I have the same findings. All film capacitors are directional soundwise. In some, the difference isn't small at all. I remember listening to a Mundorf RXT as a coupling capacitor. I considered throwing them because of the horrible signature they had. But after reversing them, they sounded really good.
This week, I listened to a slew of 4 uF caps on my 100+ dB ALTEC home system, and I was easily able to hear which polarity sounded BEST to my ear, in the crossover locations. I never measured inner or outer foils, because what really matters is how it sounds best !!'
Have FUN in 'yer audio journey.
Speakers with sensitivity over 100 dB sure do allow you to make aural determinations easily !!
The above post is what Michael Percy sent me, last year. A good man, is Percy !!
Jeff Medwin
Dear Jeff,
I have the same paragraph from M Percy on polarity and how to find it. Thanks for your good intentions however.
As to choosing the direction based on "how it sounds", that's a lovely idea in principle but messy in the application.

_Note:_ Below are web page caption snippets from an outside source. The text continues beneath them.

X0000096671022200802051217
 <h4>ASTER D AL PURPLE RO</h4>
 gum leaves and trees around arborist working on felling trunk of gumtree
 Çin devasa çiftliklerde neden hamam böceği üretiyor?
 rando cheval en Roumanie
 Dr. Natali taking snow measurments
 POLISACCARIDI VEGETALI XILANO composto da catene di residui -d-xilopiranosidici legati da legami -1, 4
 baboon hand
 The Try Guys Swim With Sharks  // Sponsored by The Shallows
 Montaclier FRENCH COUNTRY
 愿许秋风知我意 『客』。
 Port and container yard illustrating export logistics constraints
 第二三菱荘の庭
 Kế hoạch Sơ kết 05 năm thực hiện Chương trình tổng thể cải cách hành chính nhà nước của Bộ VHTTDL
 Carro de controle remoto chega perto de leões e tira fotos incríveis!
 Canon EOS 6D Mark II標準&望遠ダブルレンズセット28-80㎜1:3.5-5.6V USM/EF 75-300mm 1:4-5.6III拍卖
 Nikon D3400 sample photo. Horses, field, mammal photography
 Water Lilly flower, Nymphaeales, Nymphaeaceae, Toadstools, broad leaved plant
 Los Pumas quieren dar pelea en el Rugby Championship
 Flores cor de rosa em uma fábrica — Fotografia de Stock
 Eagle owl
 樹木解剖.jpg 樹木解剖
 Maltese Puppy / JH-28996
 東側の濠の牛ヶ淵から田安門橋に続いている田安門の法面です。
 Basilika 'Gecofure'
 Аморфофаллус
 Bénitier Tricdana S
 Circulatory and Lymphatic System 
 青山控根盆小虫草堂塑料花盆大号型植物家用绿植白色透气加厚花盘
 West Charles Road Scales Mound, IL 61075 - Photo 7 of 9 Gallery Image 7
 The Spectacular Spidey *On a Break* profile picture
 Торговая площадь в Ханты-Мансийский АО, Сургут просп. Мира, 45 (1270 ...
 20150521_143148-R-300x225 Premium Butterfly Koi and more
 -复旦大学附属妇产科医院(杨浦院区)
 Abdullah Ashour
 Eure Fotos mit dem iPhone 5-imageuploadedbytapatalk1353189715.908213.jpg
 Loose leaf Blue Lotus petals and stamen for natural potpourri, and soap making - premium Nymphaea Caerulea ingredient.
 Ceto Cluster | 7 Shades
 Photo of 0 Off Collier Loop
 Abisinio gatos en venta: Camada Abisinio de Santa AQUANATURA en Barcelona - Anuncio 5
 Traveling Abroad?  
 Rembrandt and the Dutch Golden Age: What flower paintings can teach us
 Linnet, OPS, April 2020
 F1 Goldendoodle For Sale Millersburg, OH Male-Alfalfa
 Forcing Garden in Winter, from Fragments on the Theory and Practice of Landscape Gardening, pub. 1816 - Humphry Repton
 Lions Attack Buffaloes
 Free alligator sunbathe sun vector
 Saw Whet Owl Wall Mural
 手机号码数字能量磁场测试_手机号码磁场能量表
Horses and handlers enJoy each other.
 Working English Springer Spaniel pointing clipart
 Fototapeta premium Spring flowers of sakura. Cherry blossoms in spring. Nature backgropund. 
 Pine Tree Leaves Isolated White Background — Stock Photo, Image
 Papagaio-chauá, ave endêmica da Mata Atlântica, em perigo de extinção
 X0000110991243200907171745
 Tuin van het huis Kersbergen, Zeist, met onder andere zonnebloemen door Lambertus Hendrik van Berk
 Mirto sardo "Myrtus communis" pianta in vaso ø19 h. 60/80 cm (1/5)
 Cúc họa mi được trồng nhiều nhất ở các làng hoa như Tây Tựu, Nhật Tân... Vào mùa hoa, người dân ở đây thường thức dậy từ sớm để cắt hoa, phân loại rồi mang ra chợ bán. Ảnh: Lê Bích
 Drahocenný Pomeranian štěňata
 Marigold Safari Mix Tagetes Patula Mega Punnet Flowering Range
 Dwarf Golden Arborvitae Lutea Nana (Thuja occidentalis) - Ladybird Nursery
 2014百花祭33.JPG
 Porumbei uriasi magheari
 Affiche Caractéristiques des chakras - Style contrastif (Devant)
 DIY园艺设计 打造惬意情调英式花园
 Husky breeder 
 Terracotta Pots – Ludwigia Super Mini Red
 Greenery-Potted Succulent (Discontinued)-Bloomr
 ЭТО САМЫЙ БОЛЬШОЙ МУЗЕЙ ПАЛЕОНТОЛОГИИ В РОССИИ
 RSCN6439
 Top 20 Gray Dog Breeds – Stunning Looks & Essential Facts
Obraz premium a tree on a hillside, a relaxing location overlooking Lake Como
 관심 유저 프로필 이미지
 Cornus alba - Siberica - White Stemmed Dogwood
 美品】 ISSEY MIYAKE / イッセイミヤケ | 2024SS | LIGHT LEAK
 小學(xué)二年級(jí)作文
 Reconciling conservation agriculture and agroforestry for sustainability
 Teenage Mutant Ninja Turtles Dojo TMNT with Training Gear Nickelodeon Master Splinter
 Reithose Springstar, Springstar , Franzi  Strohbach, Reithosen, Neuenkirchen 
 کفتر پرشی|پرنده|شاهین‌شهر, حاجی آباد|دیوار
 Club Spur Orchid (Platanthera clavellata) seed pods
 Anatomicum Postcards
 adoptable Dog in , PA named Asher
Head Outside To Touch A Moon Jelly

Where these capacitors are going, deep into the circuit of a direct-drive Beveridge amplifier that sits inside the base of massive Beveridge speakers, it is simply not possible to use the "how it sounds" criterion. It would take me a couple of days to muster up the time to make the swap, during which, unless the differences were profound, I'd lose the sense of how one way might be different from the other.
My question was about why can I not detect a difference between leads, using M Percy's method and a few other different methods as well. Not about whether it's important or even a good idea to worry about it.
"My question was about why can I not detect a difference between leads"
Lew, first of all, are these being used in the circuit where position of the foil actually matters? If it's difficult to describe the application, maybe you could post a partial schematic showing where they're located in the circuit.
More to the point of determining the construction, can you sacrifice one cap for dissection? That might tell you whether the problem in making the determination is the type of construction or if it's the test methods you've been using. If the ambiguity is due to the type of construction, and the caps are in a circuit location where "polarity" matters, I'd suggest changing to a different type of cap.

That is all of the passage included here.